Calculating Absolute Accuracy of an NI Strain Module

Updated Sep 5, 2023



  • NI-9237
  • C Series Strain/Bridge Input Module

I am using an NI Strain/Bridge Input module. How can I calculate the theoretical accuracy values of my system. What is the minimum increment value from this device?

The minimum increment will depend on the sensor you have connected as well as the accuracy from the NI 9237. The equation for calculating the absolute error for a strain device is dependent on the setup of the system and the specific NI module you are using. The example given here is for a NI-9237 C Series Strain/Bridge Input Module with a quarter-bridge setup. 

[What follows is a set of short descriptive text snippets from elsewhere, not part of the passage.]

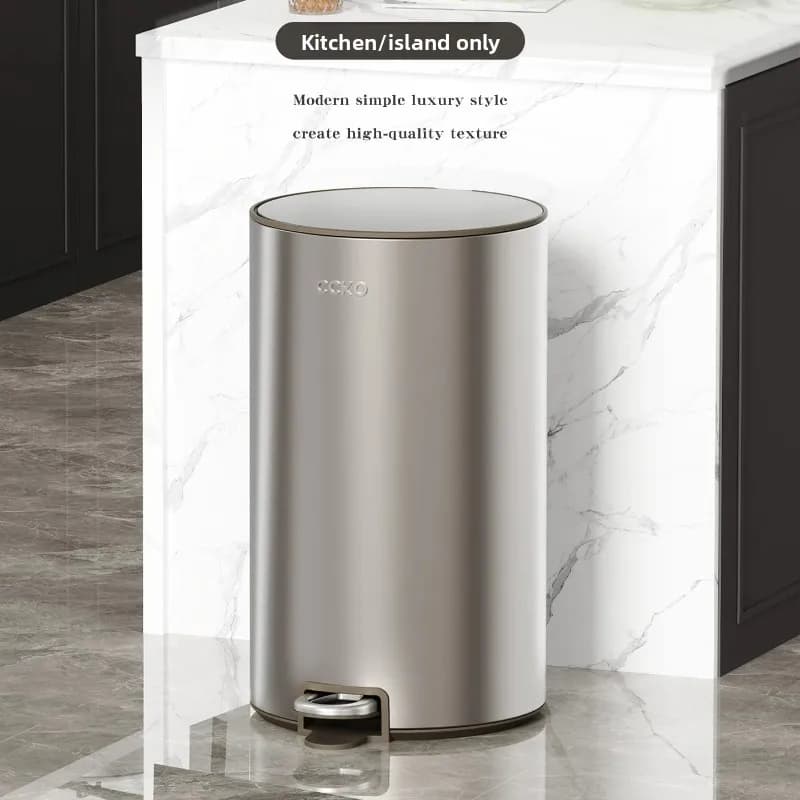 Cestino per Rifiuti in Acciaio Inox per Cucina, Lussuoso Bidone a Pedale con Coperchio per Soggiorno e Bagno, Moderno Contenitore per Spazzatura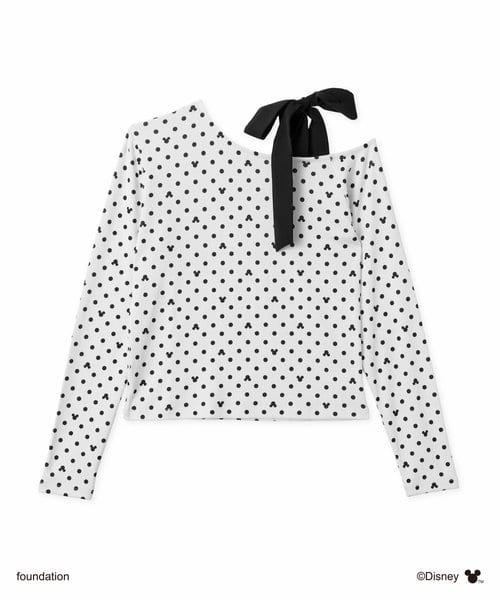 MICKEY & MINNIE / atmos pink Off-shoulder Ribbon Long Sleeves T-shirt WHITE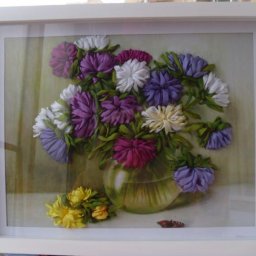 Вышиваем лентами астры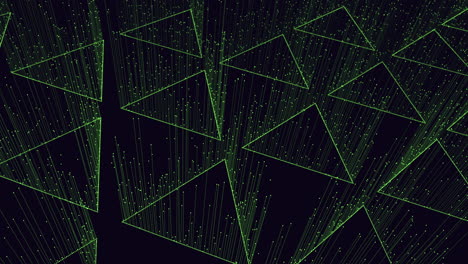 Big neon triangles pattern with small motion dots and lines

The following equation can be used to calculate the theoretical absolute accuracy of the module: 

Absolute accuracy = (Gain error * Reading) + (Offset Error * Range) + Noise + Half Bridge Tolerance + Quarter Bridge Tolerance 

  • Gain Error is the portion of the accuracy due to how well the slope of the actual transfer function of voltage relates to the ideal transfer function. This is the full scale error of the module after accounting for the offset error.
  • Offset Error is the constant difference between the actual voltage and voltage read by the module across the input range of the module.
  • Noise is the error due to the system noise generated by the module.
  • Half Bridge Tolerance is the error due to the tolerance of the half bridge completion resistors. This error results in a constant offset error in the measurement.
  • Quarter Bridge Tolerance is the error introduced by the tolerance of the quarter bridge completion accessory. It will be composed of both gain and offset error. This value can be found in the 9944/9945 manual.

By convention all values are calculated in mV/V. The reason for this is explained in this Knowledge Base article.

It is important to note that the above calculation will give you the worst case absolute accuracy of the measurement before performing shunt and offset calibration. It is recommended that shunt and offset calibration are performed before taking measurements with the NI-9237. 

After performing shunt and offset calibration the new absolute accuracy equation can be given as the following:

T = Worst case temperature change from when shunt and offset calibration were performed

Accuracy = (Gain Drift * T) + (Offset Drift * T) + Noise + (Half Bridge Drift * T) + (Quarter Bridge Drift * T)

The accuracy after shunt and offset calibration is primarily dominated by the error due to temperature changes.